Regulations and the risk of liability impel large corporations to change their practices, but even minimal regulations are being undermined (go.nature.com/3yb96kq). Although such deterrents can result in measurably improved outcomes, given the prevalence of facial-analysis technology, the changes that have the most long-term impact are likely to come from shifting public attitudes — something that I think Buolamwini and Gebru’s study has influenced both directly and indirectly. The work even became the subject of the 2020 documentary film Coded Bias (go.nature.com/3fashnf). Unfortunately, the authors (like many other Black female scholars) have also been overlooked by mainstream media: a 2021 television segment on racial bias in facial-analysis technologies, for example, failed to recognize their work and that of their collaborators (go.nature.com/3satrp8).

Over the past few years, the conversation initiated by this work has shifted from a focus on the accuracy and performance of facial-recognition algorithms to larger and more-fundamental questions around surveillance technology. The question of accuracy becomes meaningless when this technology is used to supposedly measure internal behaviours from outward appearances. In fact, ‘accurate’ representation boils down to reducing these behaviours to outdated social stereotypes⁵.

Algorithms that claim to detect emotions, predict gender or gauge someone’s trustworthiness have been dubbed ‘AI snake oil’ by some (go.nature.com/3rh7cfp), because such sociocultural attributes cannot reliably be inferred from faces, expressions or gestures⁶. Others have called for a blanket ban on facial-recognition algorithms, saying that the technology resurrects the pseudosciences of physiognomy and phrenology⁷.

The ImageNet data set, a large-scale collection of images that is considered the gold standard in computer vision, has had a pivotal role in positioning computer-vision research at the core of the ‘deep-learning revolution’ of the past decade. Facial-recognition technology has subsequently become mainstream and is prevalent in almost all social and public spaces, including concert venues, schools, airports, neighbourhoods and public squares — seriously undermining privacy and enabling worrying surveillance practices. Even if new algorithms are designed on the basis of diverse image sets such as the Pilot Parliaments Benchmark, they are still vulnerable to being used for inherently harmful and oppressive purposes, such as the surveillance of minority communities.

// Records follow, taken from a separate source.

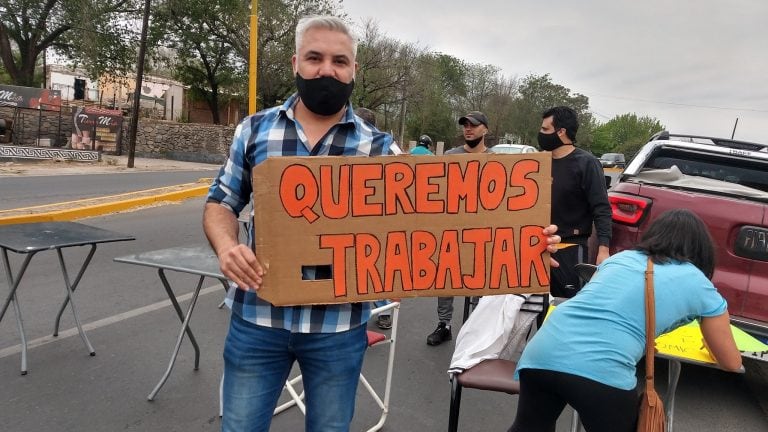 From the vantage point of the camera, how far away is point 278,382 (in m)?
1.73

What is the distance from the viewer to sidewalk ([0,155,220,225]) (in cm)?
772

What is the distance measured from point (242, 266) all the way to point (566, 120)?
Answer: 3.05 meters

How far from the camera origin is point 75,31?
1011 inches

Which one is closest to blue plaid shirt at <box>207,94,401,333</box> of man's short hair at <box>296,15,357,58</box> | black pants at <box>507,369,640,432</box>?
man's short hair at <box>296,15,357,58</box>

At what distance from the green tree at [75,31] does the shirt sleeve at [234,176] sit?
2694cm

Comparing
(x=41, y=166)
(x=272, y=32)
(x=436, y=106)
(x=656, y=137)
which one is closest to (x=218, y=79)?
(x=272, y=32)

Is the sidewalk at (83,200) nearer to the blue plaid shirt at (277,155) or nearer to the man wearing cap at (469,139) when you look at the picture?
the man wearing cap at (469,139)

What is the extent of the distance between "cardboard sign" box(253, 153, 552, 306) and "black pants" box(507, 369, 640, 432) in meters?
0.49

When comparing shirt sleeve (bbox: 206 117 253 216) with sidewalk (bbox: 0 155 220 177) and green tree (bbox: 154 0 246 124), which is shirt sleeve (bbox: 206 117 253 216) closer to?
sidewalk (bbox: 0 155 220 177)

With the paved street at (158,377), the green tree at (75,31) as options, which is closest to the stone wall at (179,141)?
the green tree at (75,31)

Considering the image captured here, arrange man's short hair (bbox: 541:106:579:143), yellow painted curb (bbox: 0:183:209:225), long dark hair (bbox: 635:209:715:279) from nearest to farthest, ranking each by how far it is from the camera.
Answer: long dark hair (bbox: 635:209:715:279) < man's short hair (bbox: 541:106:579:143) < yellow painted curb (bbox: 0:183:209:225)

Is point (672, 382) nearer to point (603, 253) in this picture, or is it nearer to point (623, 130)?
point (603, 253)

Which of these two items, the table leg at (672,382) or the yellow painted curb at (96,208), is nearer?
the table leg at (672,382)

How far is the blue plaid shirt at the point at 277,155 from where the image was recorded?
5.41 feet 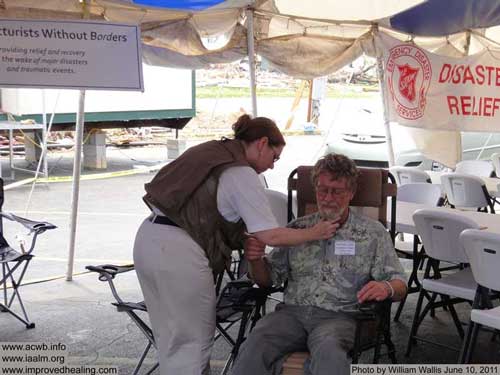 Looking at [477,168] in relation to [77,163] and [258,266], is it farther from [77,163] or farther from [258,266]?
[258,266]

Facial-recognition technology has expanded into other fields of research, such as studies designed to predict facial characteristics from the analysis of DNA⁸, and others that aim to automate medical diagnoses from images of faces alone⁹. Given the racial biases inherent in facial-recognition algorithms, these are concerning developments.

Amid what can feel like overwhelming public enthusiasm for new AI technologies, Buolamwini and Gebru instigated a body of critical work that has exposed the bias, discrimination and oppressive nature of facial-analysis algorithms. Their audit was ground-breaking four years ago, and remains an influential reference point to counter the rapid progress of this technology and the threat it poses.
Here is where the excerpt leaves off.